I'm coding in C# and am familiar with SQL and starting with MongoDB but the question is about the concept and whether abstractions, implementations, or design patterns of it exist.

A: 

If your "point of views" are completely separated, you could just use a new database for each user.

From your question it seems you want to have some degree of interconnectedness. Perhaps articles created by any user should be visible to everyone? Is it only changes after creation that should be private? How about updates from the original author?

I think you just need to specify the behavior you need, and design a database that can handle that.
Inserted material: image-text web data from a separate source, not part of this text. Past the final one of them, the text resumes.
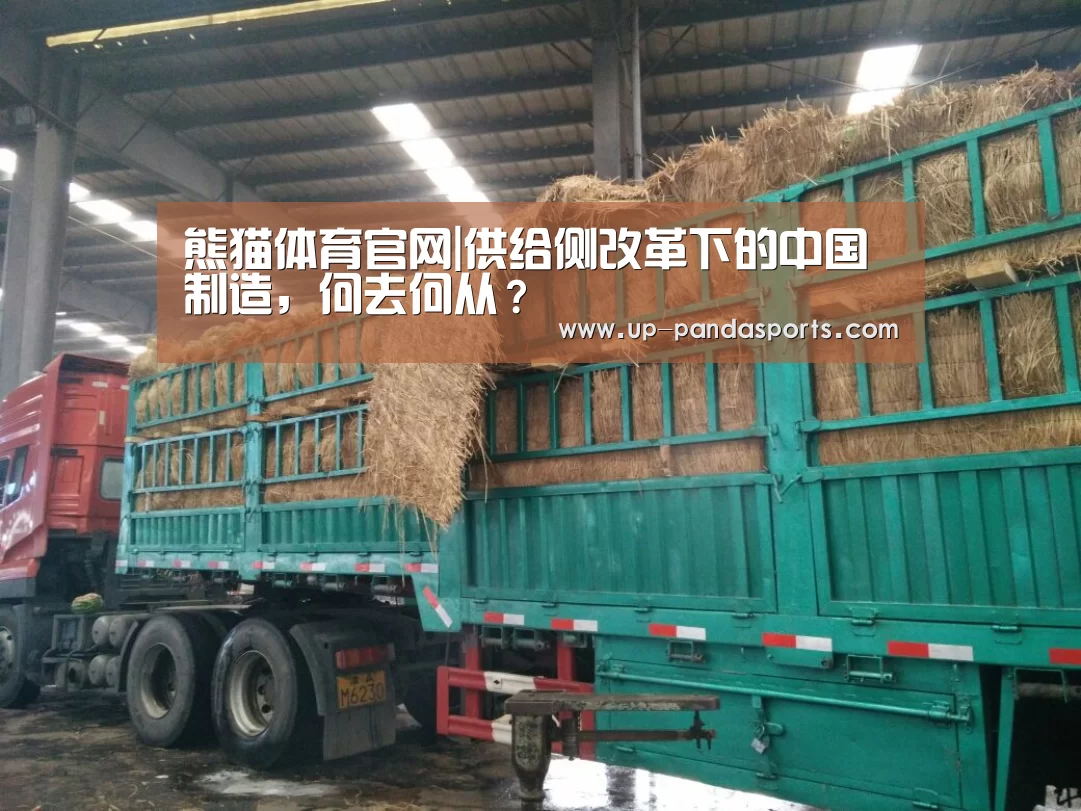 熊猫体育平台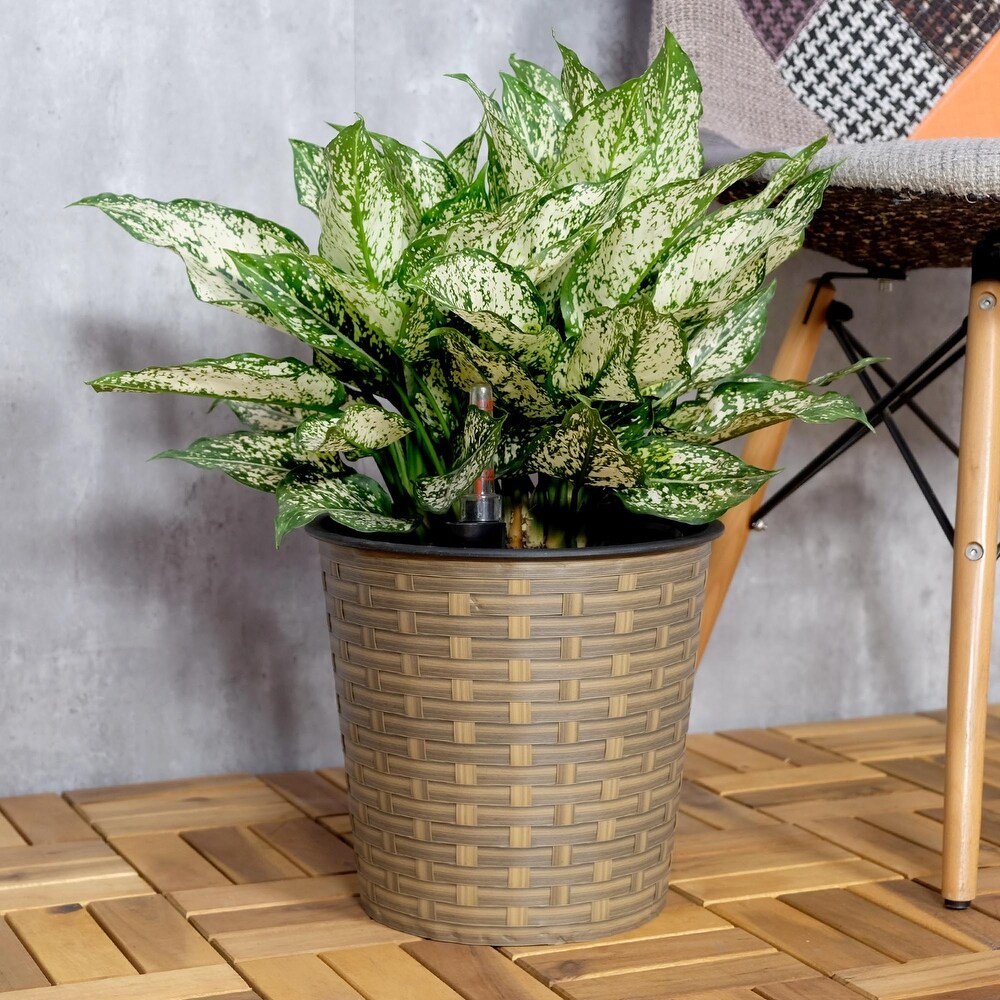 13.4 inch Self watering Wicker Round Decor Planter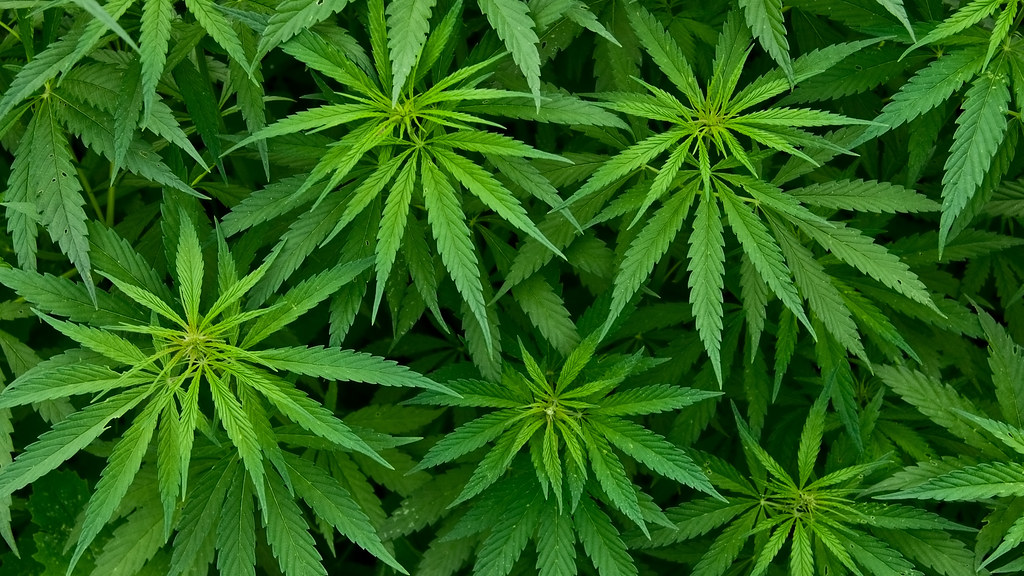 大麻植物图片.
One solution could be to use both the (article) id and the user id as the key for your tables. That way you can completely replace content for specific users. Let's say you want to find article 123, as seen by user 456, or if that user doesn't haven't edited it, as seen by user 789, or if that user haven't edited it, just pick any version:

SELECT * FROM articles WHERE id = 123 ORDER BY user_id = 456 DESC, user_id = 789 DESC LIMIT 1
geon
That's a trivial solution for UPDATE changes but when you start considering DELETEs and the conflicts in views they may create it starts to become not so trivial. I can model my database to handle all the complications of multiple points of view but it will be quite application specific and I was wondering if there already was an existing CRUD abstraction of a multiple point of view data model. In other words has anyone already solved the general problem?
Eff Snarf
"conflicts in views" is pretty much what you are trying to achieve. You might want to look at the immutable datastructures used in functional languages such as Haskell.
geon
conflicts will arise in operations, as in if a user deletes an article and another user renames it then the rename operation can only be applied to user2 and to the master view but not to user 1.
Eff Snarf
I think you need to clarify what you want to achieve. You specifically stated that " the change will only be visible to that particular user".